An elliptic orbit is the movement of one body around another in an oval-shaped path. It can be defined as a Kepler orbit that has an eccentricity ranging anywhere between 0 and 1. In the study of celestial mechanics, a Kepler orbit deals with the laws and principles of orbiting bodies moving in the form of an ellipse, hyperbola, or parabola. In astrodynamics, the eccentricity, sometimes called first eccentricity, of an orbit is a parameter that describes its actual shape and stretch.
Under the standard assumptions and principles of astrodynamics, an orbit must have a conic section shape. The conic eccentricity is then a numerical value. This number stands for a specific projection angle, defining the flatness or roundness of an elliptic orbit.

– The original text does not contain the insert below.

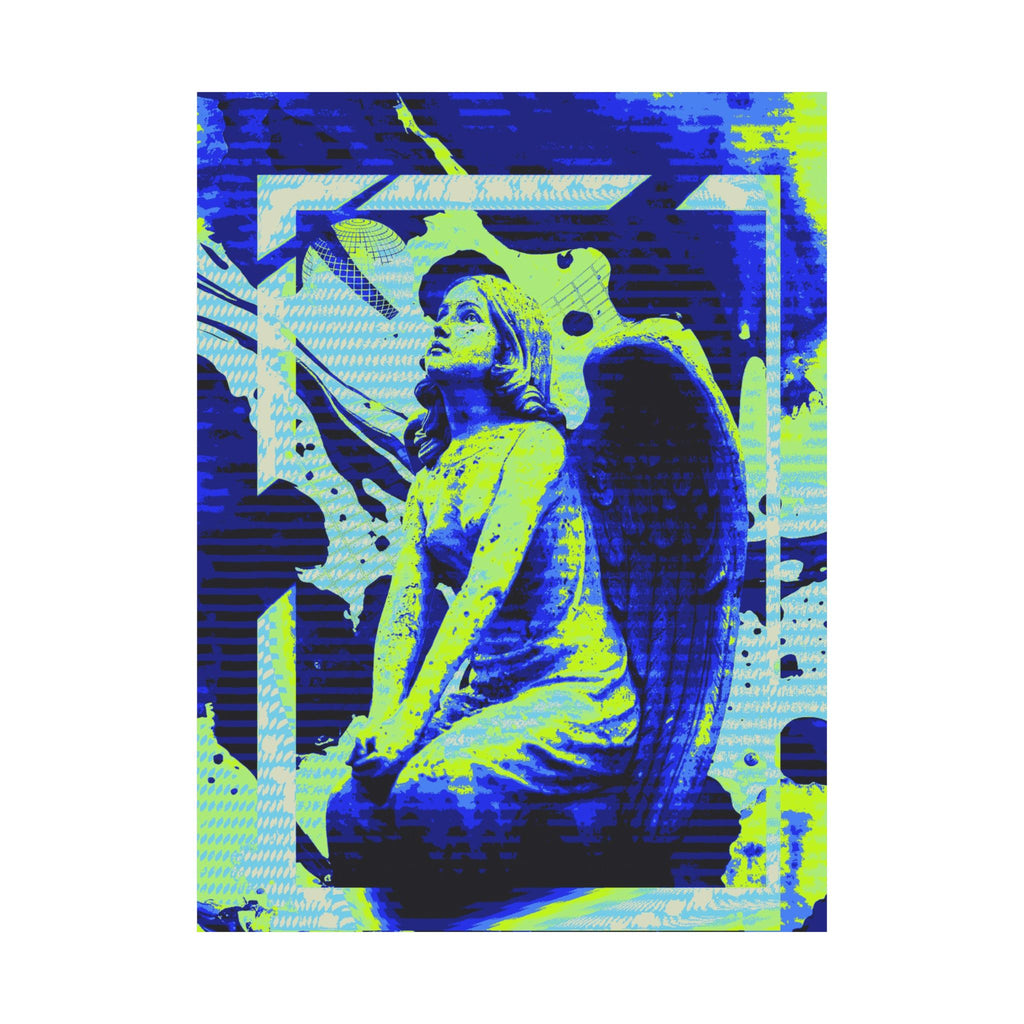 Stone Angel Vaporwave Matte Poster Print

Eccentricity for an elliptic orbit can also be defined as a measure of deviation of an orbit from the shape of a standard circle. Orbital eccentricity for a perfect circular orbit is 0. This value serves as a benchmark to evaluate the divergence of any given elliptic orbit from the standard circle.

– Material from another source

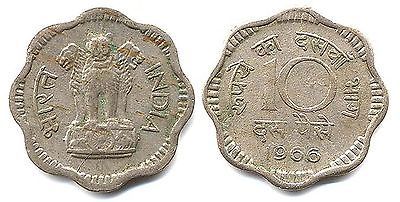 1966 Government of India - Ten Pice - $3.91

Earth's solar system is made up of numerous natural satellites like planets, moons, comets, and similar revolving bodies. These bodies orbit around their respective primaries — such as the Earth orbiting the Sun — along a fixed elliptic orbit. A general overview of their motion seems to give an impression of circular orbits. In reality, however, all heavenly bodies strictly follow elliptical orbits, with varying degrees of eccentric measures. The higher the value of eccentricity, the flatter and more elongated the shape of the elliptic orbit will be.
The eccentricity of the Earth’s elliptical orbit is at present measured to be 0.0167. This low value makes the elliptic orbit of earth almost a perfect circle. On the other hand, eccentric values for comets are close to 1, making their orbits nearly flat and elongated. In case of a gravitational two-body problem, an eccentricity measure between 0 and 1 allows both bodies to revolve in identical orbits. Popular examples of elliptic orbits are the Hohmann transfer orbit, the Molniya orbit, and the tundra orbit.
The concept of elliptic orbits was first discovered and promoted by Johannes Kepler, a German scientist in the early 17th century. The findings were published in his First Law of Planetary Motion, and brought forward important laws related to orbits of celestial bodies. These findings have aided scientists in understanding and studying the properties of an elliptic orbit.
The specific orbital energy, also known as vis-viva energy, is defined as the sum of potential energy and kinetic energy of an orbiting object. For an elliptic orbit, the specific energy is negative and is calculated irrespective of its eccentricity. The elliptical nature of planetary orbits is an important feature which determines seasonal changes, temperature zones, and the climatic zones of the respective planets.